Automated species identification

Automated species identification

The automated identification of biological objects such as insects (individuals) and/or groups (e.g., species, guilds, characters) has been a dream among systematists for centuries. The goal of some of the first multivariate biometric methods was to address the perennial problem of group discrimination and inter-group characterization. Despite much preliminary work in the 1950s and '60s, progress in designing andimplementing practical systems for fully automated object biological identification has proven frustratingly slow. As recently as 2004 Dan Janzen updated the dream for a new audience:

"The spaceship lands. He steps out. He points it around. It says ‘friendly–unfriendly—edible–poisonous—safe– dangerous—living–inanimate’. On the next sweep it says ‘Quercus oleoides—Homo sapiens—Spondias mombin—Solanum nigrum—Crotalus durissus—Morpho peleides— serpentine’. This has been in my head since reading science fiction in ninth grade half a century ago."

The species identification problem

Janzen’s preferred solution to this classic problem involved building machines to identify species from their DNA. His predicted budget and proposed research team is “US$1 million and five bright people.” However, recent developments in computer architectures, as well as innovations in software design, have placed the tools needed to realize Janzen’s vision in the hands of the systematics community not in several years hence, but now; and not just for DNA barcodes,but for digital images of organisms too. A recent survey of results accuracy results for small-scale trials (<50 taxa) obtained by such systems (Gaston and O’Neill 2004) shows an average reproducible accuracy of over 85 percent with no significant correlation between accuracy and the number of included taxa or the type of group being assessed (e.g., butterflies, moths, bees, pollen, spores, foraminifera, dinoflagellates, vertebrates). Moreover, these identifications—often involving thousands of individual specimens—can be made in a fraction of the time required by human experts and can be done on site, on demand, anywhere in the world.
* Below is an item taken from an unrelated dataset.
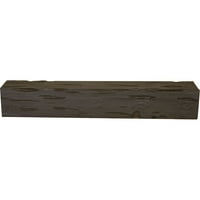 8 H 10 D 84 W Pecky Cypress Fau Wood Mantel, Onyx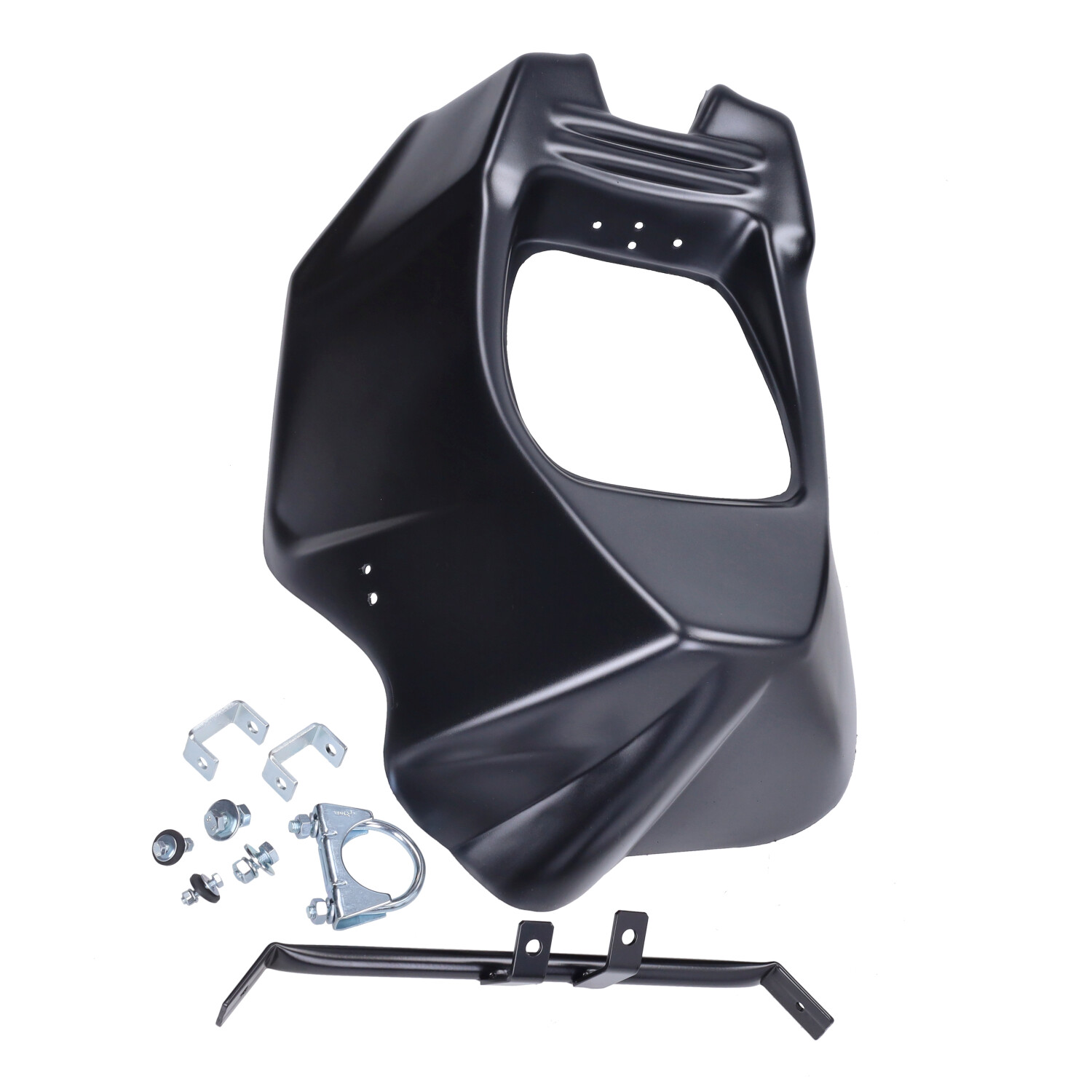 Zwarte onderkuip Speed 7 met montageset voor Honda MB50 en MB80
These developments could not have come at a better time. As the taxonomic community already knows, the world is running out of specialists who can identify the very biodiversity whose preservation has become a global concern. In commenting on this problem in palaeontology as long ago as 1993, Roger Kaesler recognized:

"“… we are running out of systematic paleontologists who have anything approaching synoptic knowledge of a major group of organisms ... Paleontologists of the next century are unlikely to have the luxury of dealing at length with taxonomic problems … [Paleontology] will have to sustain its level of excitement without the aid of systematists, who have contributed so much to its success.”".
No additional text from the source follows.